Re: disk storage solution

Martha Mueller · ‎08-04-2000

On my N4000 with 3 440 MHz cpu's and 4 gig RAM, I am using jamaica subsystems (product A3312AZ) from Fast/Wide/Differential controller cards (A4800A). The data transfer speed is 20 MB/sec. These disks are mirrored and hold database data. I have two tempdb areas that are striped, not mirrored, and the data is on filesystem (vxfs), not raw partition, as the rest of the data is. Sybase suggestion so that the OS could help with some of the load. It did help the throughput. These tempdb areas are each on separate controllers, with no other data. They are striped across two and four disks, respectively. The disks are not busy, as shown by perfview's metric BYDSK_UTIL, but the request queue, BYDSK_REQUEST_QUEUE, is constantly around 20. Alan Riggs had mentioned something about the vxfs journal log having to be written at one location on the disk and therefore mechanical head movement may account for the long request queue. CPU usage is about 50%. Does anyone else have an idea, and does anyone have any suggestions to alleviate the bottleneck?

Thanks.

Martha

John Palmer · ‎08-04-2000

What vxfs mount options are you using? Options tmplog and nolog are available (see man mount_vxfs) .

Regards,

John

Tim Malnati · ‎08-04-2000

What you have pictured is about as far as you can accomplish with a Jamaica enclosure. More spindles in the stripe set could help, but I doubt you would gain much, particularly with the cost involved. Sounds like time to start considering an array where some hardware cache can help things. Avoid the model 12 though (it's slower if anything).

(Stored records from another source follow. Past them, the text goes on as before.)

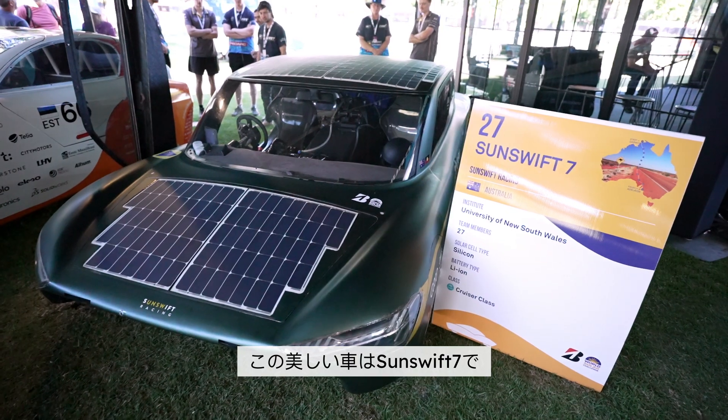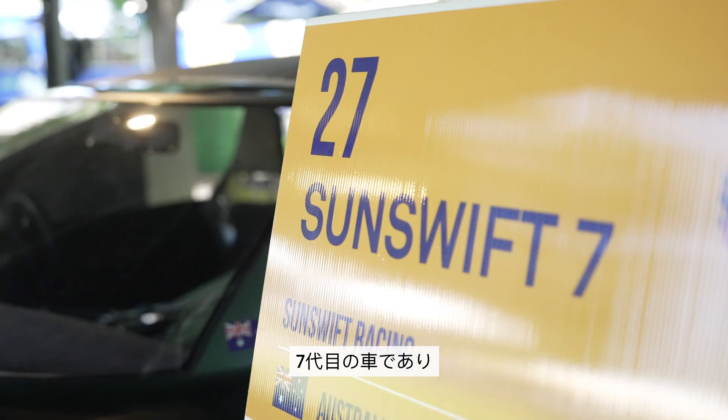We're from UNSW in Sydney with Sunswift Racing. I'm Anna and this is Connor, and we do renewable energy engineering. This beautiful car here is Sunswift 7 — it's the seventh car that we've done as a team, and our third cruiser class car as well.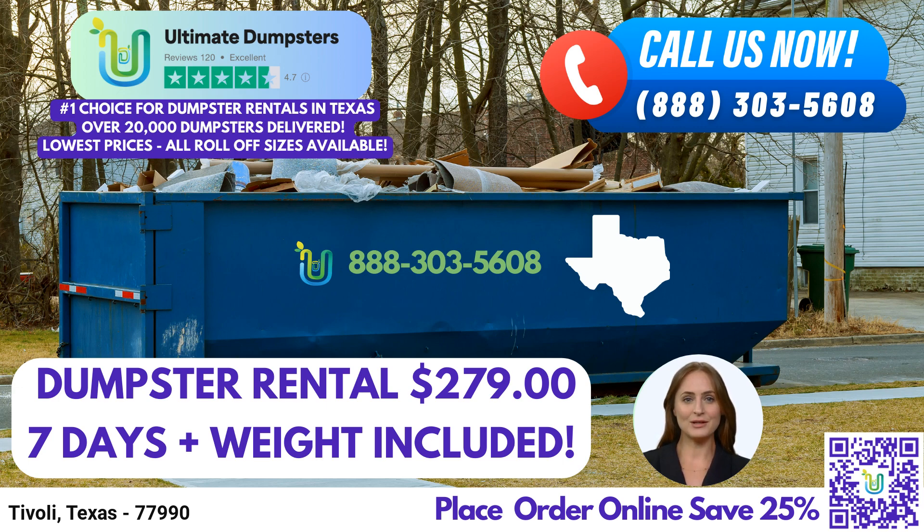To place an order for a dumpster rental, you have two convenient options. You can call our dedicated team at Ultimate Dumpsters, and our friendly representatives will assist you in selecting the right size and addressing any questions you may have. Alternatively, you can use the QR code provided in the video to place your order online.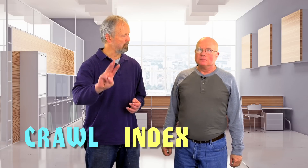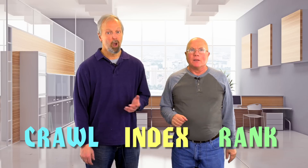How does Google keep track of it all and deliver us results so fast? Well, it boils down to a three-step process: crawling, indexing, and ranking. Let's go through each of those one at a time.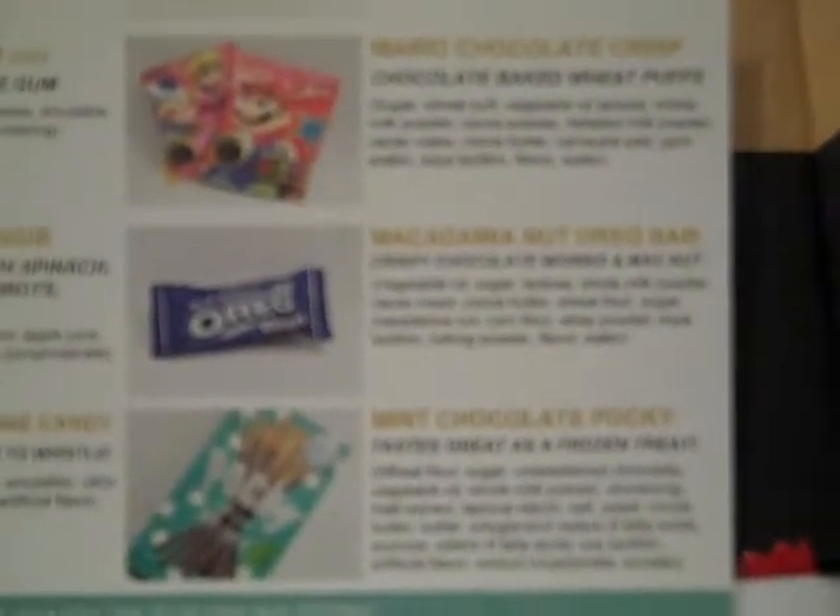You have Macho Look Adult Series, a crispy green tea chocolate. You have Mario Chocolate Crisp — chocolate baked wheat puffs with Mario Brothers characters on the cover. You have Macadamia Nut Oreo Bar, a crispy chocolate with Oreo and macadamia nut. And finally, Mint Chocolate Pocky, described as a great frozen treat. So for the September 2014 Scotch Box, let's take a look inside and see all these wonderful treats.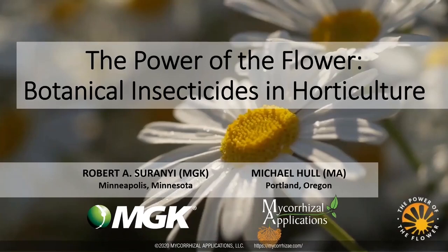Hello everyone, and welcome to today's webinar titled 'The Power of the Flower: Botanical Insecticides in Horticulture,' brought to you by MGK and Mycorrhizal Applications. I'm Chris Manning, an editor with Greenhouse Management Magazine.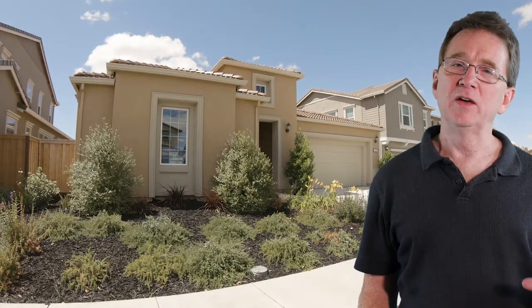We begin at this home on Ivy Way — a single-story with 2,299 square feet. It has three bedrooms and two bathrooms. The home is truly move-in ready, with a welcoming entry that flows straight into a spacious great room.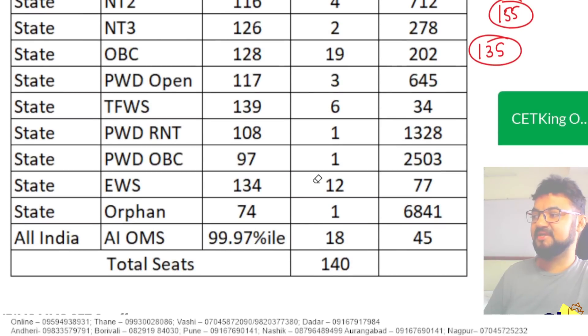The advantage is there, you know — being from the reserved category has its advantage. But the CET cutoff is also lower. All the best.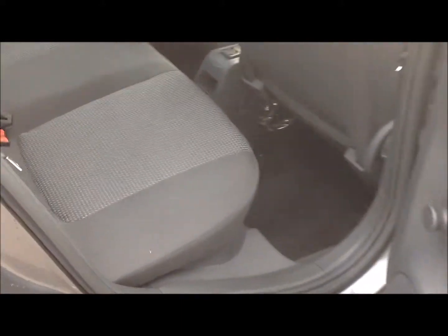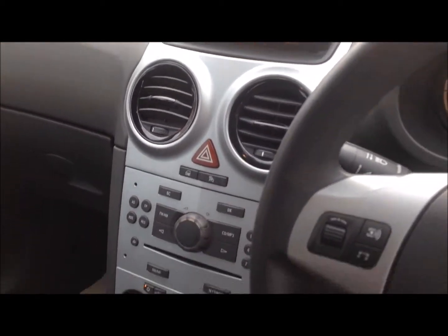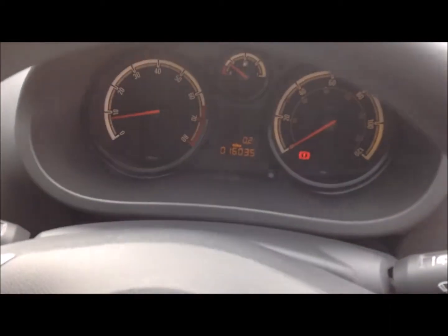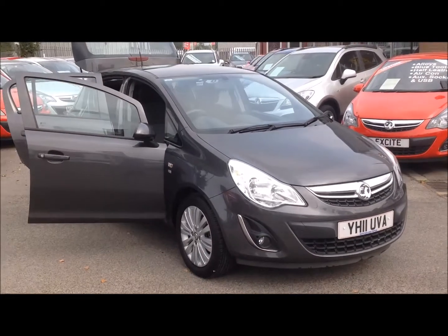Inside the car is fitted with a full grey interior. In the front we have a CD player with air conditioning, as well as steering wheel audio controls, front electric windows, and electric mirrors. This Vauxhall Corsa is for sale now at Bachelors of Ripon.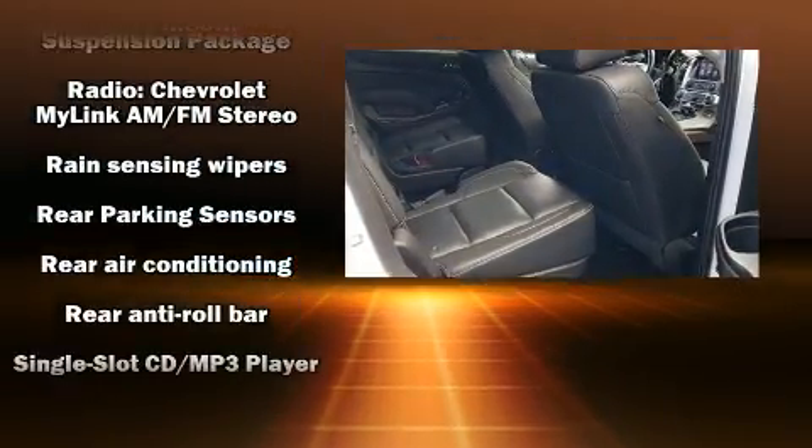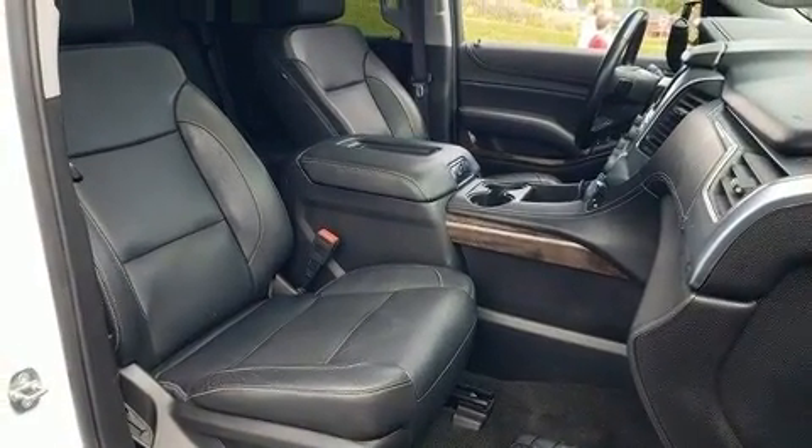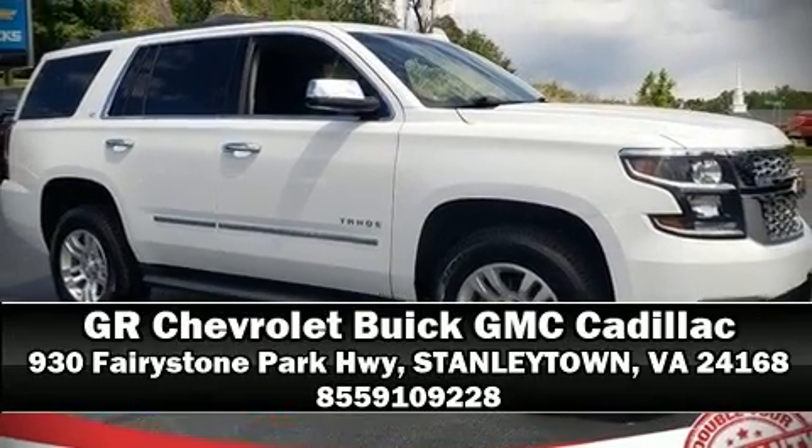Electronic stability control stands out as a technologically savvy innovation, keeping you better connected to the road. Please don't hesitate to give us a call.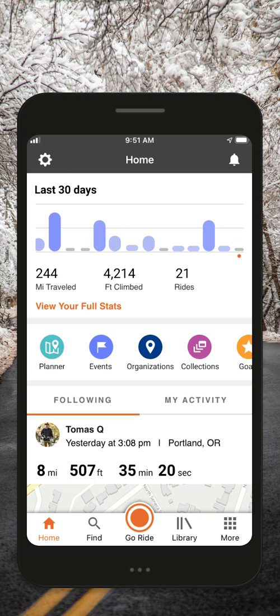We're excited to introduce a brand new home screen for our mobile app — one that gives you quicker, better access to your stats, and more opportunities to engage with your friends.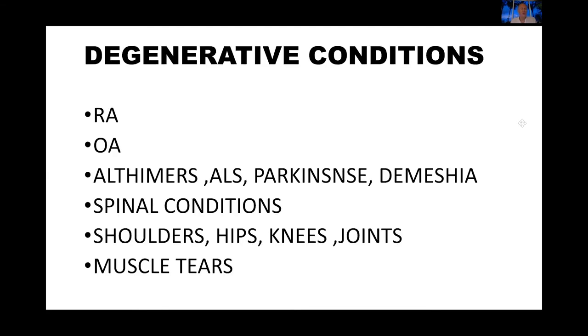Degenerative conditions including rheumatoid arthritis, osteoarthritis, Alzheimer's, ALS, Parkinson's, and dementia have responded to treatment. Spinal conditions, shoulders, hips, knees, and joints — and muscle tears like rotator cuff tears — respond wonderfully using biological allografts.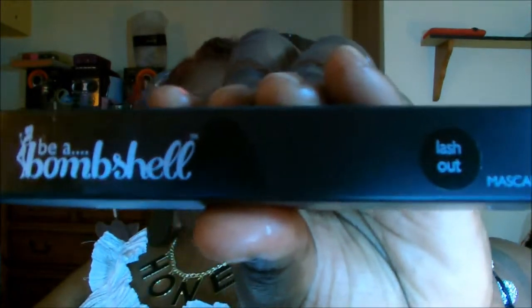Next, for Pretty in Paradise, we have Be a Bombshell — and it's called Lash Out. That's a cute name. This is a mascara with a really sleek design. Be a Bombshell — this is the wand of the mascara, a really good wand, and it's not all goopy. I can't wait to try that. It's in black. On the back it gives you all the ingredients.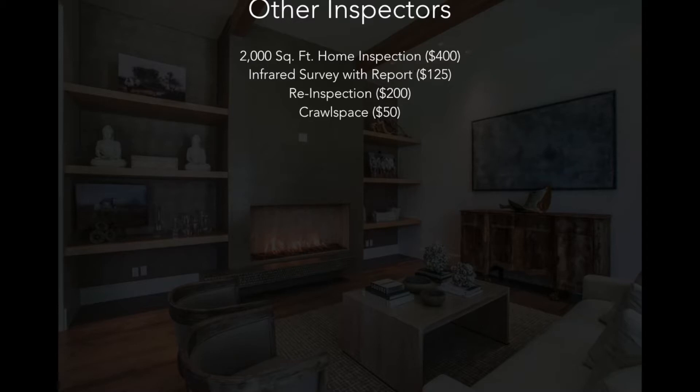Here's the way that we would expect another inspector to perform your inspection. On a typical 2,000 square foot home, your home inspection is likely going to run somewhere around $400. To include the infrared survey with a report, you're likely looking at a cost of around $125 additional. For the re-inspection — which is simply a re-inspection of the systems and components that needed to be repaired or replaced — you're typically going to look at a fee of around 50% of the initial cost, so in this case around $200. If your home has an unfinished attic or a crawl space, you can typically expect the other home inspector to add a $50 fee onto the cost of the original inspection.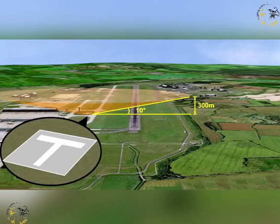The signal square shall be on an even surface, and be of at least nine metres square, and surrounded by a 0.3 metre wide white border.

Martha Mueller · ‎08-04-2000

John,

/dev/volumegroup/logicalvolume /tmpdbdata vxfs rw,suid,largefiles,convosync=delay,mincache=tmpcache 0 2

I hope this displays properly, but it should be all on one line.

Thanks.

Martha

Martha Mueller · ‎08-04-2000

Tim,

Would you have any recommendations? I would probably like to stick with SCSI, due to the cost of Fibre Channel.

Thanks.

Martha

Tim Malnati · ‎08-04-2000

I'm an EMC guy, but I doubt you want spend that kind of money. They are just not very cost effective until you have significant storage needs. The same is true with the XP256 although the initial frame cost is less. Avoid the model 12h; it's slower than the Jamaica's. I've always liked the model 20 array in SCSI. But my thought is that the info that I have is more than a year old. Maybe HP has upgraded this array to improve the connection throughput or maybe HP has come out with something else to more effectively handle 80 mbs (ultra) drives. Your sales channel is probably the best bet.

Stefan Farrelly · ‎08-04-2000

What speed are the disks on your Jamaica ? They can vary by a huge amount. Use ioscan -fknCdisk to find out. The newer models have much larger cache and are considerably faster, here is a table of the different Jamica disks;

Disk_ProductID Size Speed(1)
========================
ST15150W 4Gb ~6.5 MB/s
ST34371W 4Gb ~8.5 MB/s
ST34572WC 4Gb ~10 MB/s
ST34573WC 4GB ~14 MB/s

ST19171 9GB ~10 MB/s
ST39173WC 9GB ~14.5 MB/s
ST39175LC 9GB ~18 MB/s
(1) using time dd if=/dev/rdsk/xxx

As you can see some of the newer models are massively faster than the older ones. We just replaced some of ours here with the 18 MB/s 9Gb models and the performance on our striped lvols increased wonderfully!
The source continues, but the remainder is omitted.